• _Work order_
Please copy the data exactly as it stands, minus the images.
+++
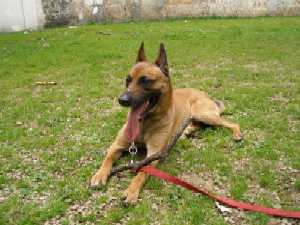 Blasco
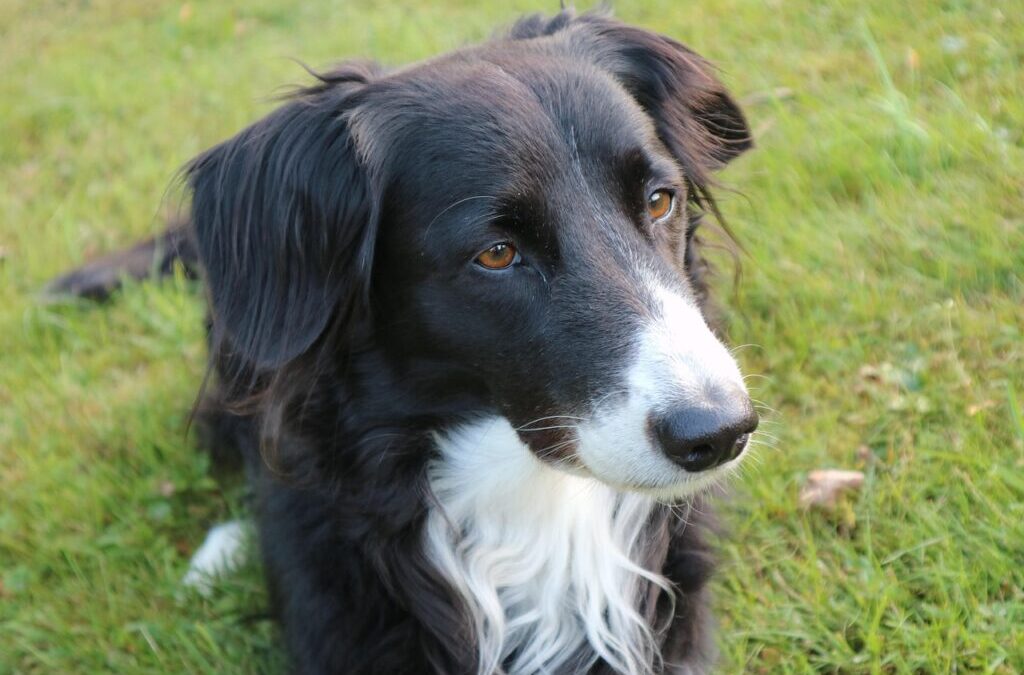 Exercise Routines To Keep Your Border Collie Fit. – Keeping…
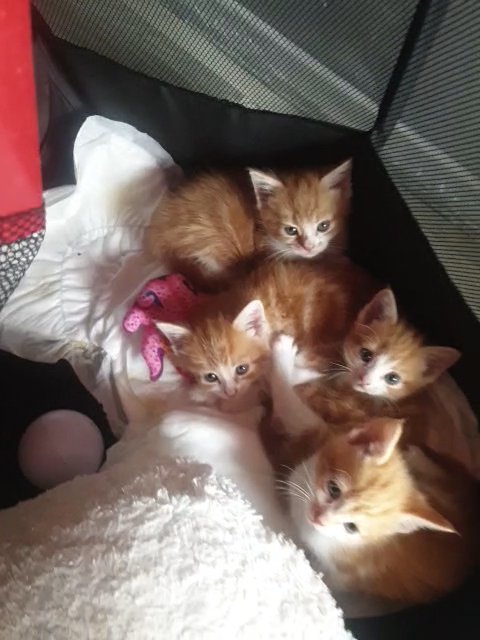 fluffy ginger kittens blue & green eyed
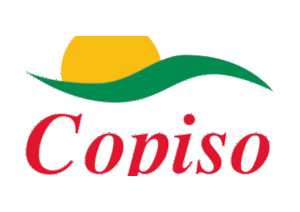 copiso_logo
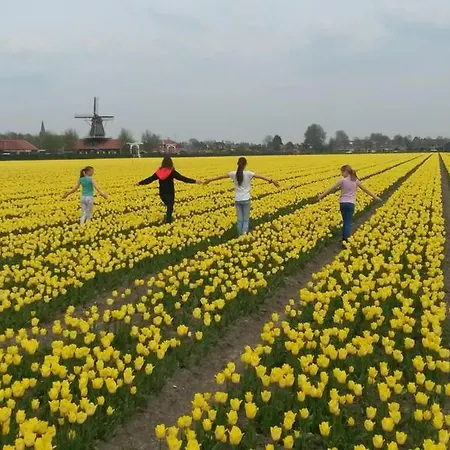 Διαμέρισμα Vredehof Sint Maartensbrug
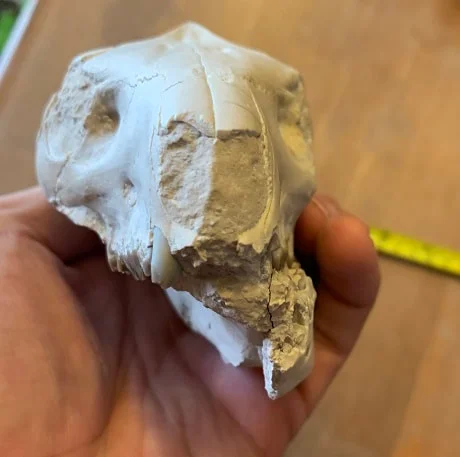 Small white Oreodont skull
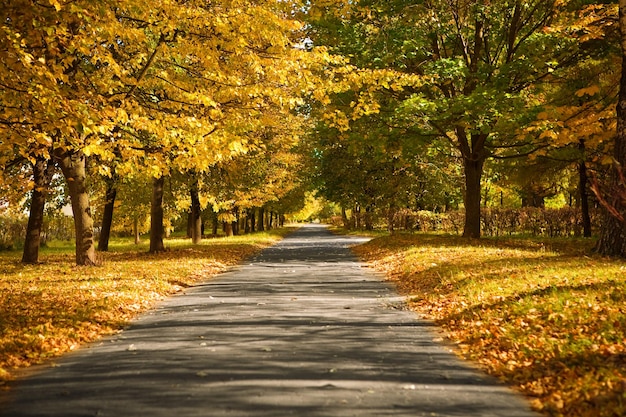 Lane in the autumn park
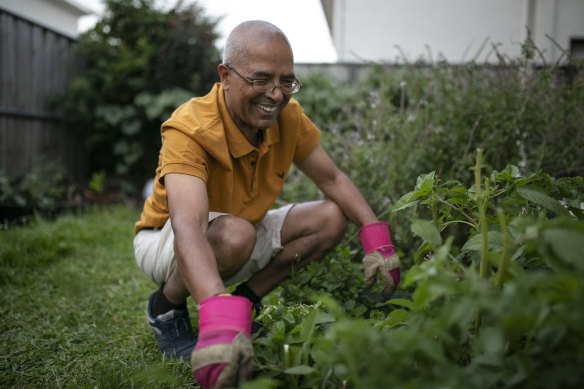 Om Dhungel gardening in his backyard in Blacktown. He is known as being the community leader who encouraged the ideals of Australian homeownership for the Bhutanese refugee community.
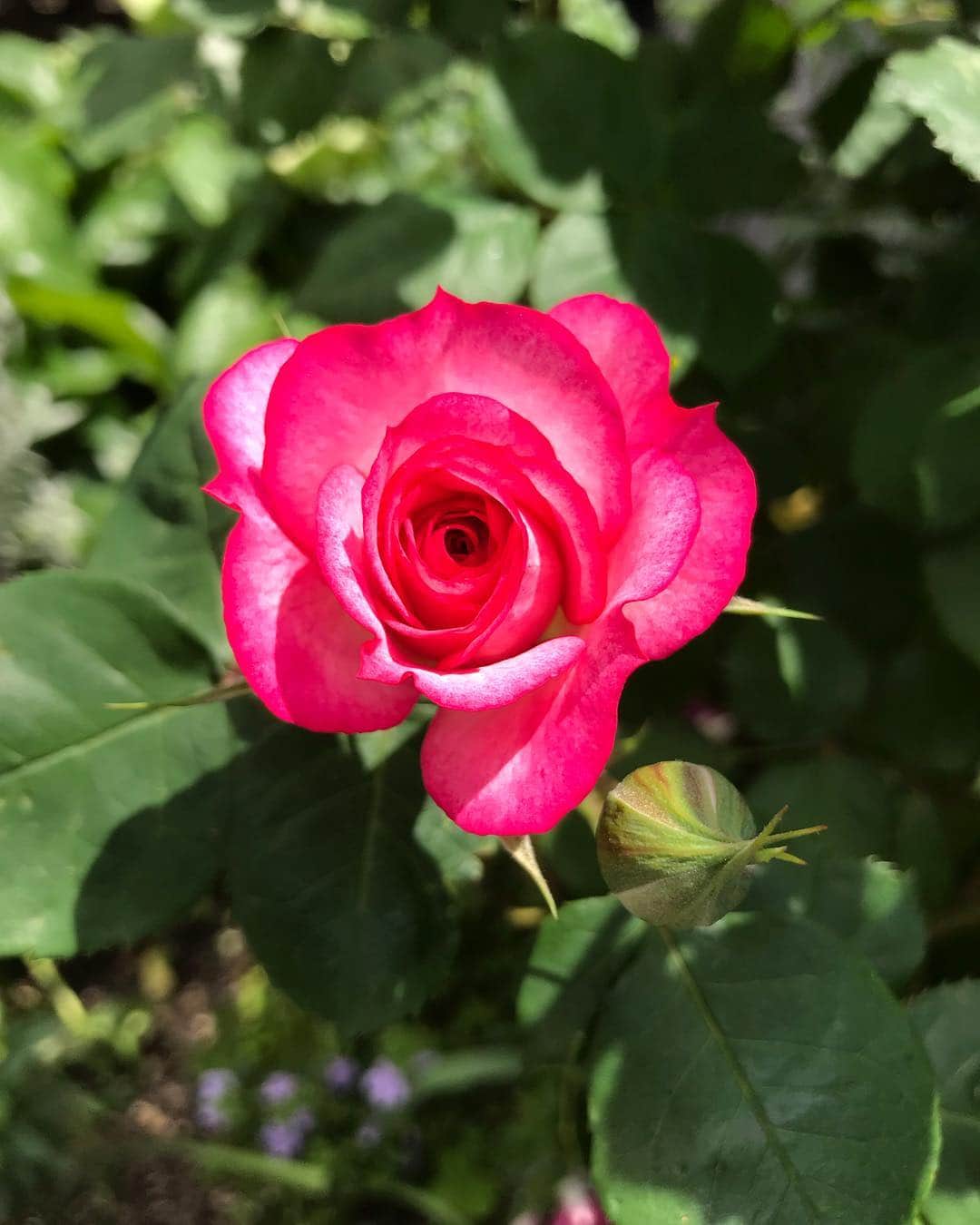 桂のインスタグラム：「薔薇  #rose #rosa #vard #flower #bud #flowerbud #leaves #garden #landscape #薔薇 #ばら #バラ #花 #蕾 #つぼみ #ツボミ #葉 #庭 #景」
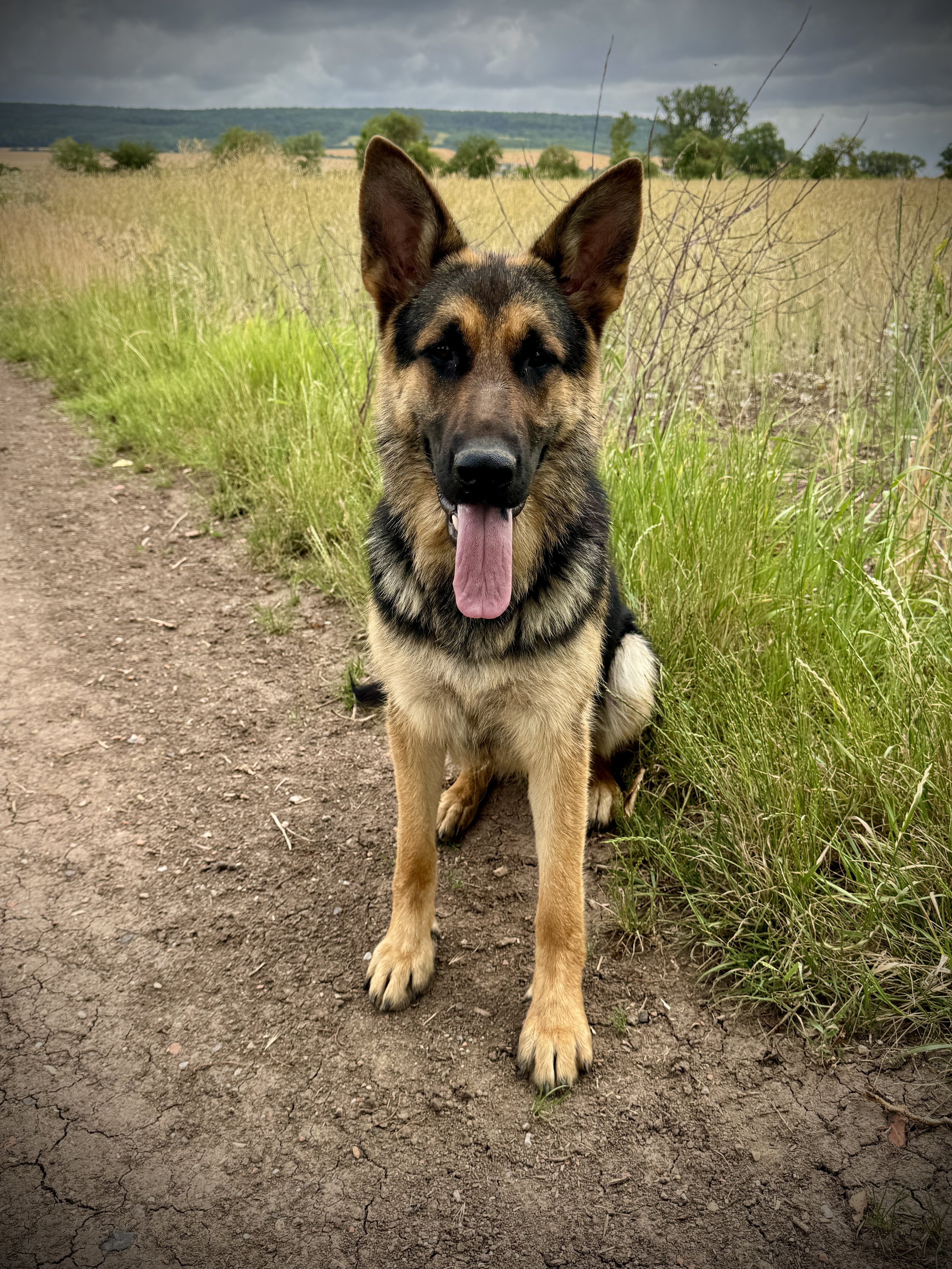 Ein deutscher Schäferhund sitzt auf einer Pfad, im Hintergrund eine Wiese, Bäume und ein bewölkter Himmel.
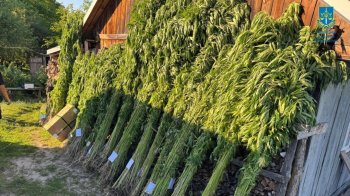 На Золочівщині викрили плантацію конопель на подвір’ї у чоловіка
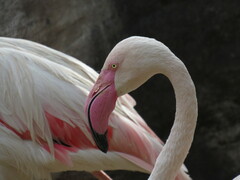 Phoenicopterus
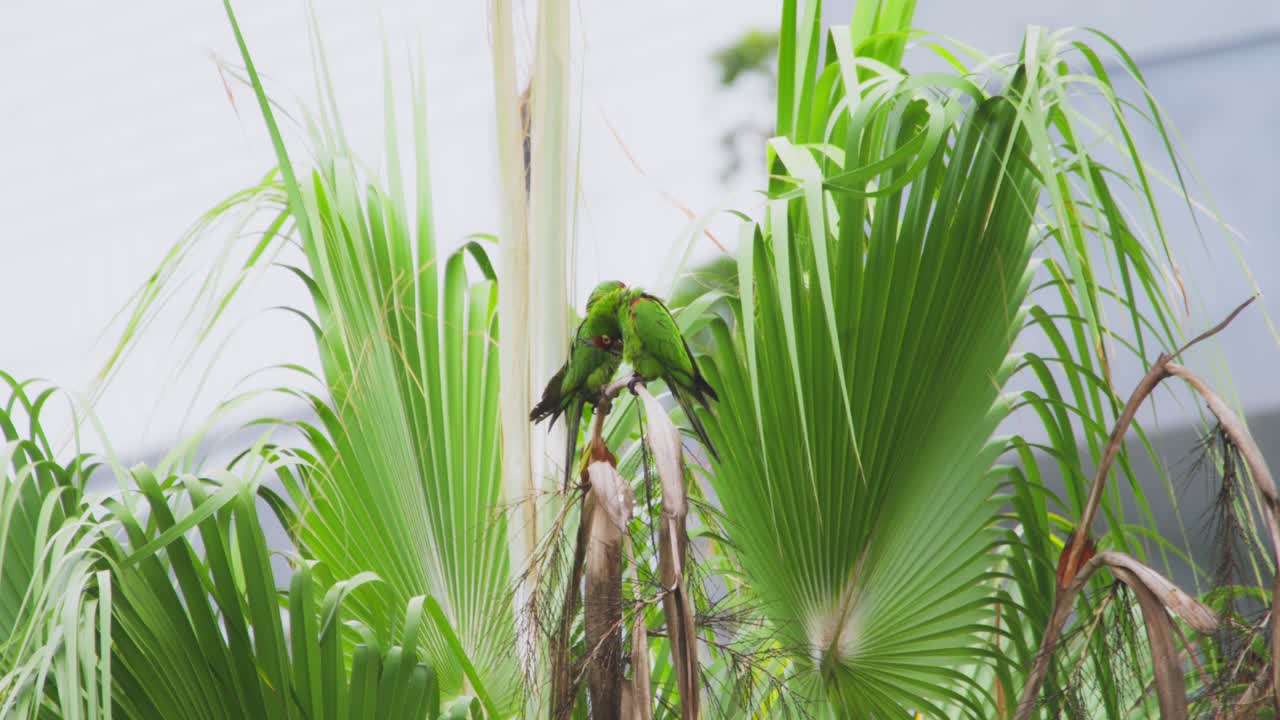 Two vibrant green parrots perched on palm trees, displaying playful interaction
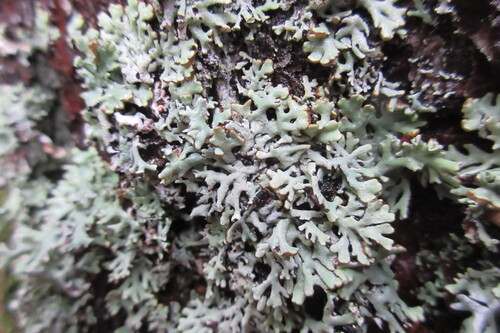 Hypogymnia physodes observed 2026-10-25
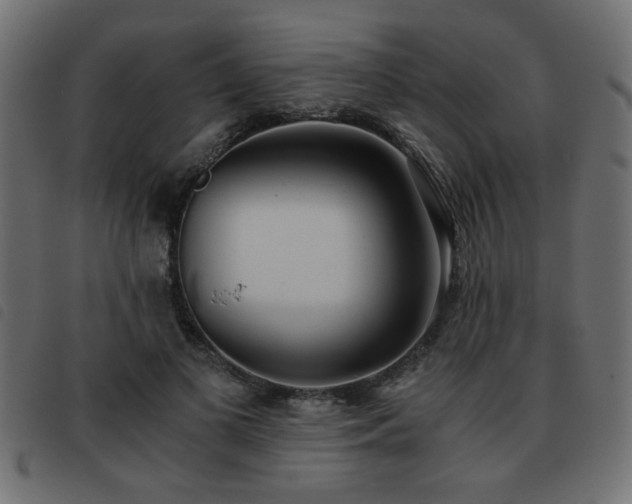 X0000093440693200710121333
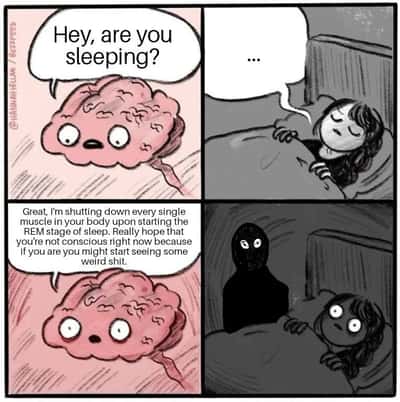 Random Memes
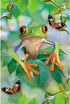 Tree-Free Greetings EcoNotes 12 Count Frog Framed All Occasion Notecard Set with Envelopes, 4 x 6 Inches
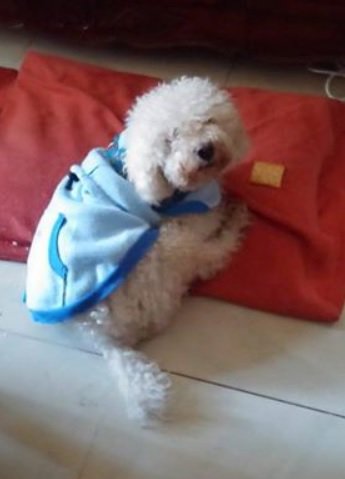 Av. Estado de Israel entre Aguirre y Loyola. #VillaCrespo. Llamar al 1559580690.  Por favor retuitiemos para poder encontrarla... #BuenMartes #Mascota #perro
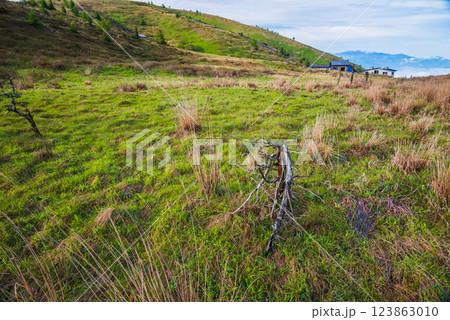 大自然に抱かれて【鉢伏山登山道の風景】 123863010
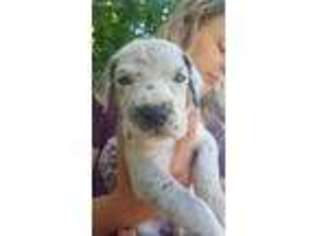 Great Dane Puppy for sale in Ephrata, WA, USA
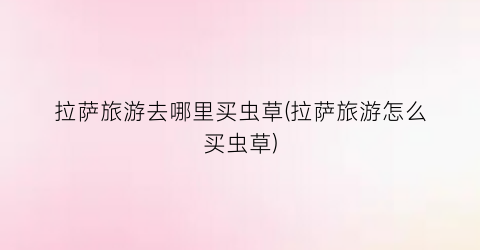 拉萨旅游去哪里买虫草(拉萨旅游怎么买虫草)
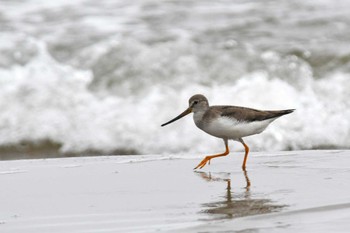 Terek Sandpiper 千里浜(石川県羽咋市) Fri, 8/26/2022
+++
• _Response below_
 Blasco
 Exercise Routines To Keep Your Border Collie Fit. – Keeping…
 fluffy ginger kittens blue & green eyed
 copiso_logo
 Διαμέρισμα Vredehof Sint Maartensbrug
 Small white Oreodont skull
 Lane in the autumn park
 Om Dhungel gardening in his backyard in Blacktown. He is known as being the community leader who encouraged the ideals of Australian homeownership for the Bhutanese refugee community.
 桂のインスタグラム：「薔薇  #rose #rosa #vard #flower #bud #flowerbud #leaves #garden #landscape #薔薇 #ばら #バラ #花 #蕾 #つぼみ #ツボミ #葉 #庭 #景」
 Ein deutscher Schäferhund sitzt auf einer Pfad, im Hintergrund eine Wiese, Bäume und ein bewölkter Himmel.
 На Золочівщині викрили плантацію конопель на подвір’ї у чоловіка
 Phoenicopterus
 Two vibrant green parrots perched on palm trees, displaying playful interaction
 Hypogymnia physodes observed 2026-10-25
 X0000093440693200710121333
 Random Memes
 Tree-Free Greetings EcoNotes 12 Count Frog Framed All Occasion Notecard Set with Envelopes, 4 x 6 Inches
 Av. Estado de Israel entre Aguirre y Loyola. #VillaCrespo. Llamar al 1559580690.  Por favor retuitiemos para poder encontrarla... #BuenMartes #Mascota #perro
 大自然に抱かれて【鉢伏山登山道の風景】 123863010
 Great Dane Puppy for sale in Ephrata, WA, USA
 拉萨旅游去哪里买虫草(拉萨旅游怎么买虫草)
 Terek Sandpiper 千里浜(石川県羽咋市) Fri, 8/26/2022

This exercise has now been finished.